The Department of Homeland Security (DHS) has published a proposal to make substantial increases to U.S. Citizen and Immigration Services (USCIS) fees. The notice was published in the Federal Register on November 14 and allows public comments until Monday, December 16.
USCIS is required by law to fund its adjudication and naturalization services through fees charged to applicants; the proposed fees average 21 percent higher than existing fees. In addition, the department has added new fees for certain benefit requests and eliminated some fee waivers.
The fees, as proposed, could change depending upon comments received and various legal and technical considerations. In order to determine the new fees, the agency was required to determine the costs involved in providing specific services, including the number of labor hours involved.

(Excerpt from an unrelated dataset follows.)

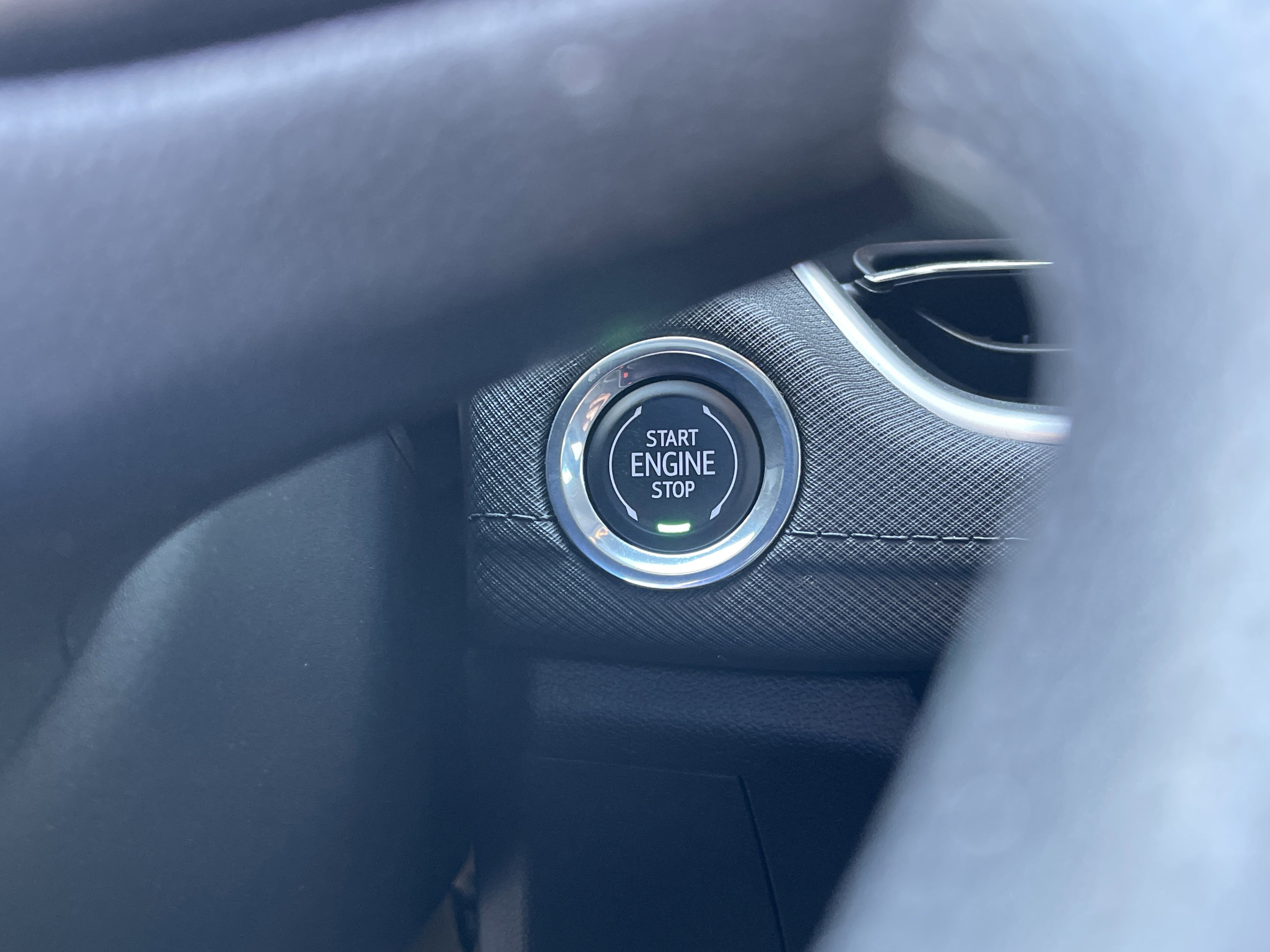 2025 Chevrolet Trailblazer LT photo 4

Individuals considering applying for immigration benefits would be wise to do so sooner rather than later. It is anticipated that the new fees will go into effect next spring. As an example, DHS proposes to increase the fee to apply for naturalization from $640 to $1,170, an increase of $530 or 83 percent.

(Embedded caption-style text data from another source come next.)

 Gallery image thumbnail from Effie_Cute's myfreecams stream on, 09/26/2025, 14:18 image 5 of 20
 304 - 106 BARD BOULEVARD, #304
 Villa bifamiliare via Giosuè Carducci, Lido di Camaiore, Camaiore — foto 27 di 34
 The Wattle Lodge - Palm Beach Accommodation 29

Comments posted on the proposed rule were uniformly negative in character. Anna Serkiz wrote, “A grandson of an immigrant with two immigrant wives ... No wonder he hates immigrants!” Another person, Mary September, posted, “Once again you are proposing policies that would hurt families. Stop it! This is cruelty! If you need more money, grant citizenship quickly so these hard-working people can get on with their lives, focus on building their businesses, buy homes and pay their taxes. That will generate so much more revenue than these ridiculous fee hikes.”